_DATA FOR ANALYSIS:_
* * *
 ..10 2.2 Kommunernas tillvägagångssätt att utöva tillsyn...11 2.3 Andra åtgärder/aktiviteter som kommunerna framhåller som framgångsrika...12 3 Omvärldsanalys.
* * *
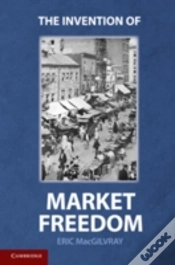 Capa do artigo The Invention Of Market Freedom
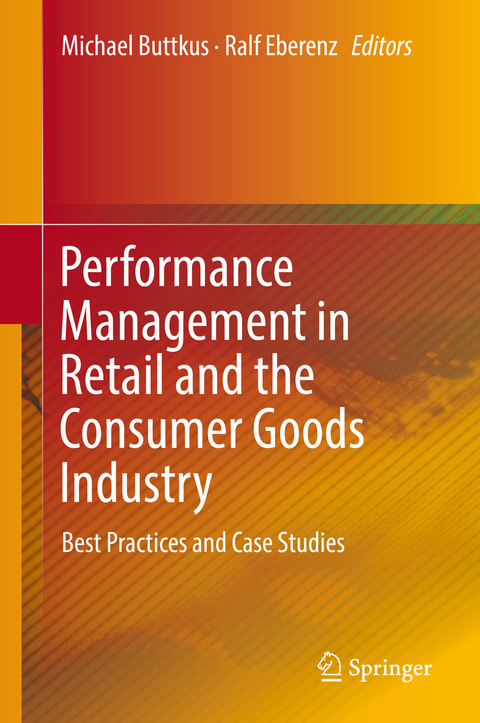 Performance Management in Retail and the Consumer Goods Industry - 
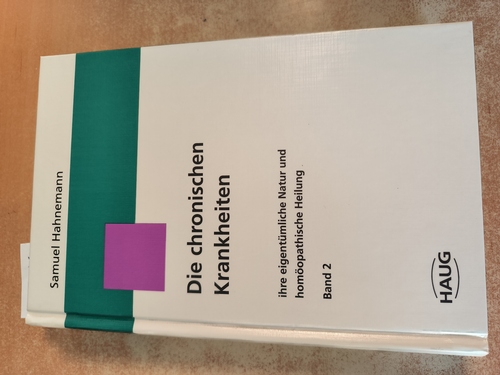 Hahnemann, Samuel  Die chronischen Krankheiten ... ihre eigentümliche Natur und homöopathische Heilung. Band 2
* * *
_TASK TO COMPLETE:_
When you reach the line with "Capa do artigo" in the records above, start writing out each line exactly, and stop after the line with "Heilung. Band 2". Pictures stay out.

_TASK OUTPUT:_
 Capa do artigo The Invention Of Market Freedom
 Performance Management in Retail and the Consumer Goods Industry - 
 Hahnemann, Samuel  Die chronischen Krankheiten ... ihre eigentümliche Natur und homöopathische Heilung. Band 2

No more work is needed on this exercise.